Table data access requires permissions (AC0031)

When a codeunit, report, query, or xmlport accesses table data without declaring the required permissions, the runtime relies on the calling user’s direct permissions. This breaks indirect permission scenarios, where a user’s license grants only indirect access to a table (for example, indirect write on ledger entry tables or indirect read on the Sent Emails table). Declaring Permissions = tabledata ... = rimd on the object allows the runtime to grant access through the object, regardless of the user’s direct license assignment.

A code fix is available for this diagnostic.

Example

codeunit 50100 "Post Sales Invoice"
{
    procedure Post()
    var
        SalesHeader: Record "Sales Header";
    begin
        SalesHeader.FindFirst(); // Table data access requires permissions: 'r' for 'Sales Header' [AC0031]
    end;
}

Add the Permissions property to the containing object:

codeunit 50100 "Post Sales Invoice"
{
    Permissions = tabledata "Sales Header" = r;

    procedure Post()
    var
        SalesHeader: Record "Sales Header";
    begin
        SalesHeader.FindFirst();
    end;
}

Detected operations

The following record method calls trigger this diagnostic:

PermissionMethods
Read (r)Find, FindFirst, FindLast, FindSet, Get, GetBySystemId, IsEmpty, Count
Insert (i)Insert
Modify (m)Modify, ModifyAll, Rename
Delete (d)Delete, DeleteAll

Calls through the implicit Rec variable inside table objects are included (for example, Rec.Modify() in a table procedure).

Report and query dataitem elements require read (r) permissions for their source table.

XmlPort tableelement nodes require permissions based on the Direction property:

DirectionRequired permissions
ImportInsert (i) when AutoSave = true (default), Modify (m) when AutoReplace = true or AutoUpdate = true (defaults)
ExportRead (r)
BothAll of the above

Setting AutoSave, AutoReplace, or AutoUpdate to false suppresses the corresponding requirement.

When the rule does not trigger

The diagnostic is suppressed when any of the following conditions apply:

  • The record variable is marked as Temporary
  • The target table is a system table (ID > 2,000,000,000)
  • The containing symbol is obsolete
  • The codeunit is a test codeunit with TestPermissions = Disabled
  • The containing object is a permissionset or permissionsetextension (these declare permissions structurally, not for access control)

The diagnostic also recognizes multiple permission sources. If any source covers the required operation, no diagnostic is reported.

Object-level Permissions property is the primary source:

codeunit 50100 "My Codeunit"
{
    Permissions = tabledata Customer = r;

    procedure DoSomething()
    var
        Cust: Record Customer;
    begin
        Cust.FindFirst(); // No diagnostic
    end;
}

Table-level InherentPermissions property grants permissions to all callers:

table 50100 "My Table"
{
    InherentPermissions = rimd;
}

Method-level [InherentPermissions] attribute grants permissions for a single procedure:

[InherentPermissions(PermissionObjectType::TableData, Database::Customer, 'r')]
procedure ReadCustomer()

Page SourceTable exemption covers all CRUD on the page’s own source table, including in page extensions. A page that sets SourceTable = Customer does not need to declare permissions for Customer.
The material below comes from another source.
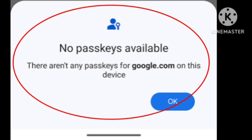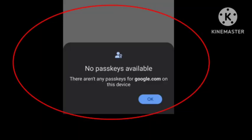You can store passkeys on your device, but the process is different for each operating system and may not be available for all systems. If you are using Android, this problem arises because it does not support passkeys. Make sure you are using an updated device that supports passkeys.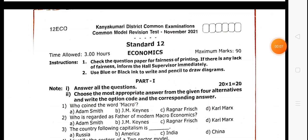Hi friends, today we will talk about the 12th public exam in 2022. On day 8 we will talk about the 7-day revision schedule. Today we will talk about the subject on day 8, which is 12th Economics.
Namespace-qualified references (tabledata MyNamespace."My Table" = r) and object ID references (tabledata 50100 = r) are both recognized.
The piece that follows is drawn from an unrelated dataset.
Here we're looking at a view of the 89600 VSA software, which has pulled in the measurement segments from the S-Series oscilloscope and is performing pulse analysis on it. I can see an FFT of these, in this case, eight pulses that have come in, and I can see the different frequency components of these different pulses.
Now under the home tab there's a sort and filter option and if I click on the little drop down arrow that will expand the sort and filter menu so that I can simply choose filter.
Pragmas and comments embedded within the Permissions property value do not affect resolution.

Extension objects

Extension objects cannot declare the Permissions property. If you receive this diagnostic on an extension object, move the data access code to a codeunit where you can declare the required permissions.

Code fix

The ALCops: Add permission code fix adds the missing tabledata entry to the Permissions property. It handles three scenarios:

No Permissions property exists. The fix creates the property:

// Before
codeunit 50100 "My Codeunit"
{
    procedure DoSomething()
    var
        Cust: Record Customer;
    begin
        Cust.FindFirst();
    end;
}

// After
codeunit 50100 "My Codeunit"
{
    Permissions = tabledata Customer = r;
    procedure DoSomething()
    var
        Cust: Record Customer;
    begin
        Cust.FindFirst();
    end;
}

Table already listed but missing a permission char. The fix merges the char in canonical rimd order:

// Before: has 'r', needs 'm'
Permissions = tabledata Customer = r;

// After
Permissions = tabledata Customer = rm;

Table not yet listed. The fix adds a new entry, preserving the existing format (single-line or multi-line). When the existing entries are alphabetically sorted, the new entry is inserted in order. Otherwise it is appended.
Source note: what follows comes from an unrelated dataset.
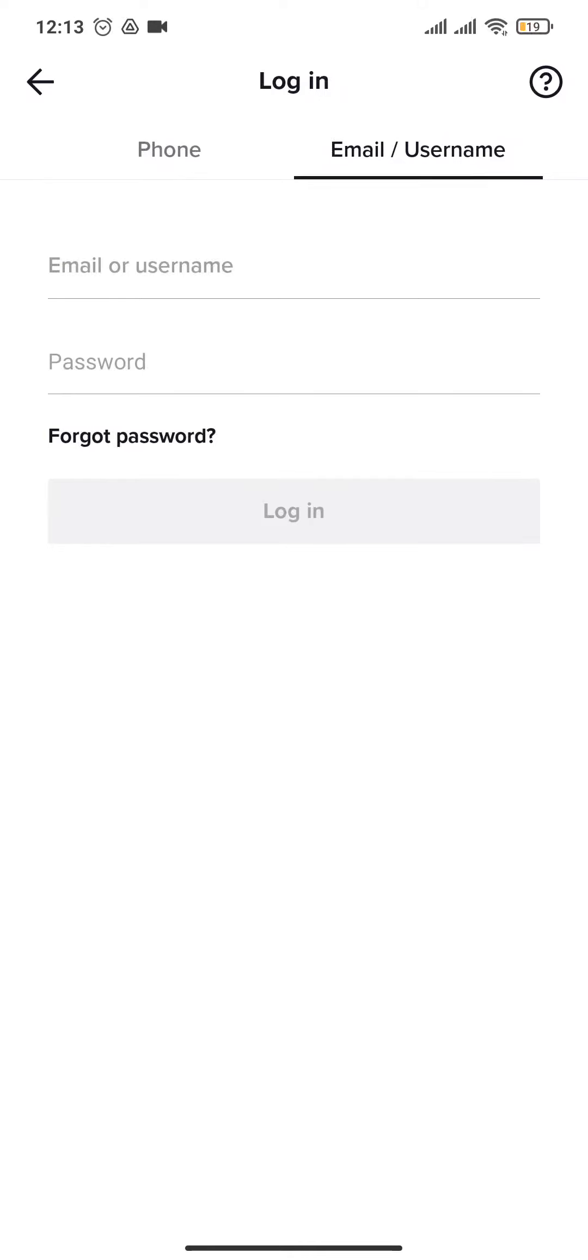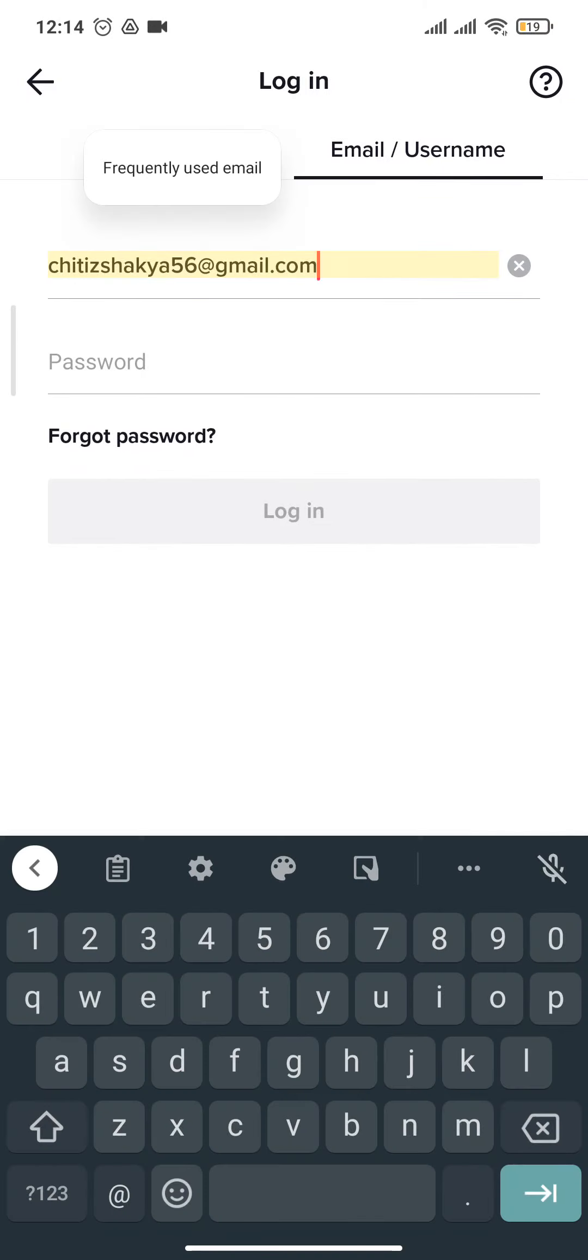Now type in your email address or your username, or if you want you can also type in your phone number. Next, type in your password.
// Before (multi-line, sorted)
Permissions = tabledata Customer = r,
              tabledata "Sales Header" = rm;

// After adding 'Item'
Permissions = tabledata Customer = r,
              tabledata Item = r,
              tabledata "Sales Header" = rm;

The code fix supports Fix All to apply all missing permissions in one operation. It is not offered for extension objects.